Reckon it'd be worth printing the strings that these offsets refer to here? (since the strings are indirected and printed in the debug_info (which has to go through this table and then on to the strings table) it seems weird to have them missing here, maybe?

This revision is now accepted and ready to land.May 29 2017, 4:11 PM
wolfgangp updated this revision to Diff 101241.Jun 2 2017, 11:14 AM
wolfgangp marked an inline comment as done.

The patch has been accepted but in order to address the last review comments some non-trivial changes were necessary, so it probably needs another look.

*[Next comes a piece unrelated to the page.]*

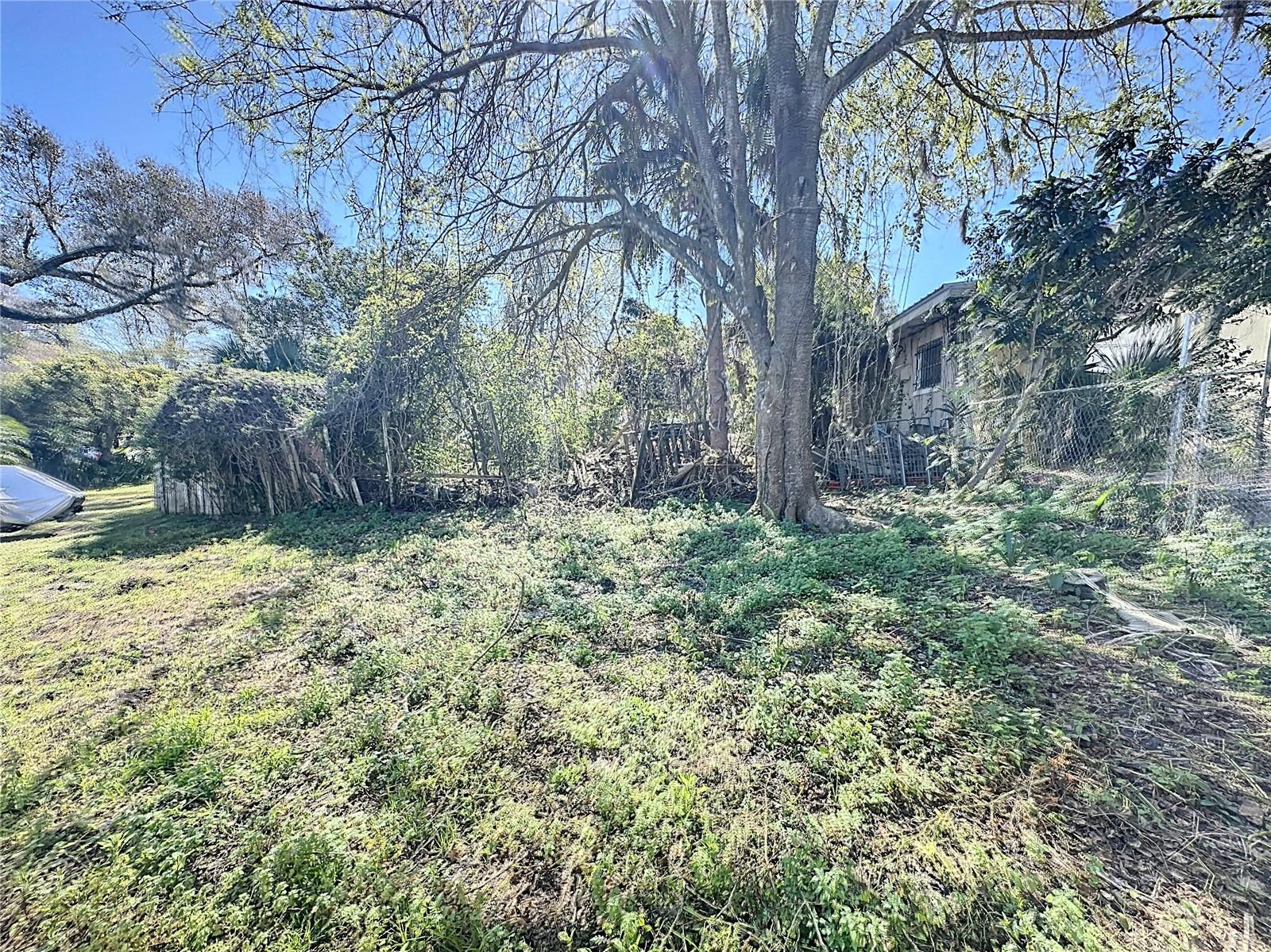 110 REYNOLDS RD, DE LEON SPRINGS, FL, 32130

  1. error messages will now be emitted when we find invalid contributions to the string offsets table. One test has been added to address the case where we encounter a degenerate .debug_str_offsets section (without a v5 unit present).
  1. Per Dave's suggestion the routines dumping the string offsets table have been reorganized a bit, so now the main dump routine for DWARFContext looks cleaner. Dumping a DWARF v5 string offsets table keys off whether we find a unit with version 5 or greater. Otherwise we dump a monolithic table. That means that the *invalid* tests had to be enhanced a bit to contain at least a rudimentary v5 compile unit.
  1. Dumping the string offsets table now also displays the strings, so the respective test has been updated.
wolfgangp marked 5 inline comments as done.Jun 2 2017, 11:16 AM
wolfgangp added inline comments.
test/DebugInfo/dwarfdump-str-offsets.test
57–67 ↗(On Diff #100144)

I agree. I wasn't sure if somebody who is exclusively looking at the string offsets table would really be interested but there is no reason not to have the strings there as well.

dblaikie accepted this revision.Jun 5 2017, 2:37 PM

Oops, forgot to say anything in my approval so it didn't send mail to the list.

Looks good - please submit. :)

This revision was automatically updated to reflect the committed changes.
wolfgangp marked an inline comment as done.